Dataset excerpt START

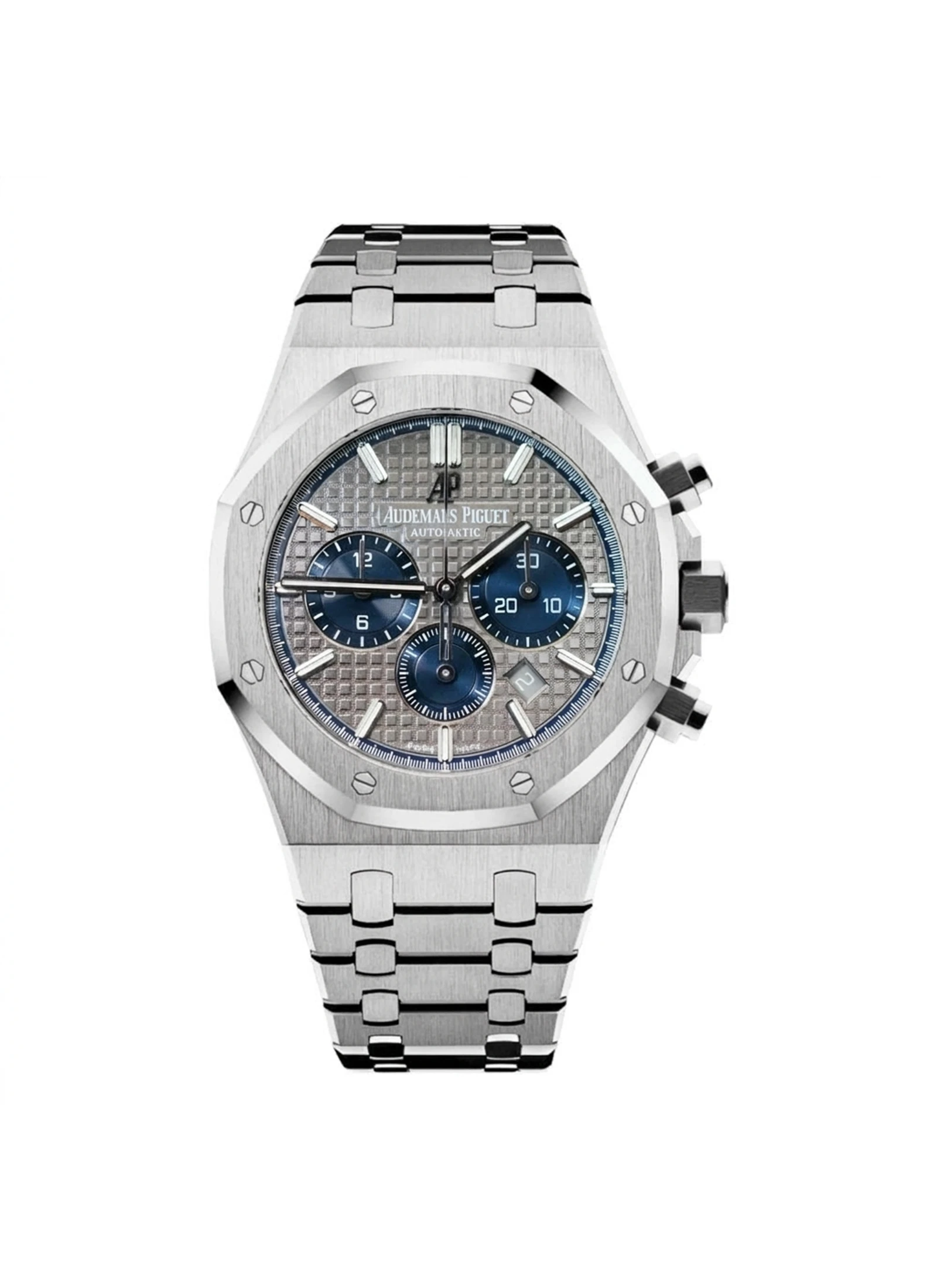 Audemars Piguet Royal Oak Chronograph 26331IP.OO.1220IP.01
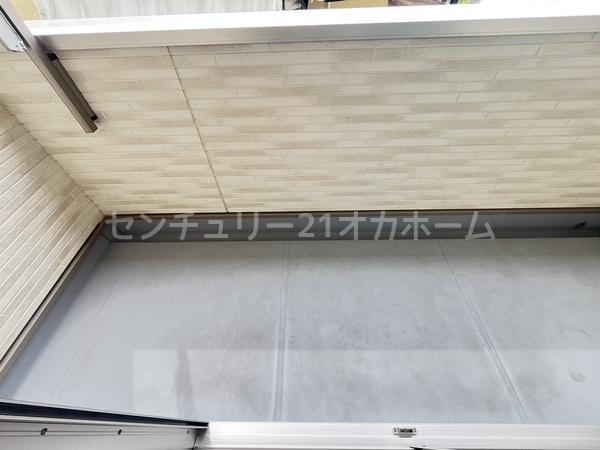 守口市菊水通３丁目の中古一戸建て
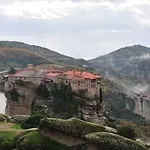Hotel Gogos - Meteora Panorama Retreats, Kastraki 3*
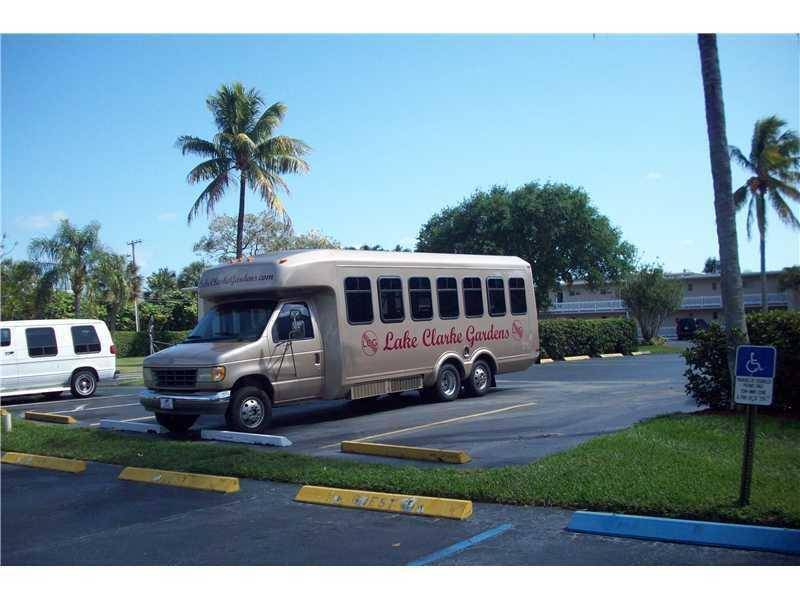 Lake Worth, FL 33461,2668 N Garden DR 208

Dataset excerpt END

An exact reproduction of the material above is needed, without its pictures.

(Solved exercise):
 Audemars Piguet Royal Oak Chronograph 26331IP.OO.1220IP.01
 守口市菊水通３丁目の中古一戸建て
Hotel Gogos - Meteora Panorama Retreats, Kastraki 3*
 Lake Worth, FL 33461,2668 N Garden DR 208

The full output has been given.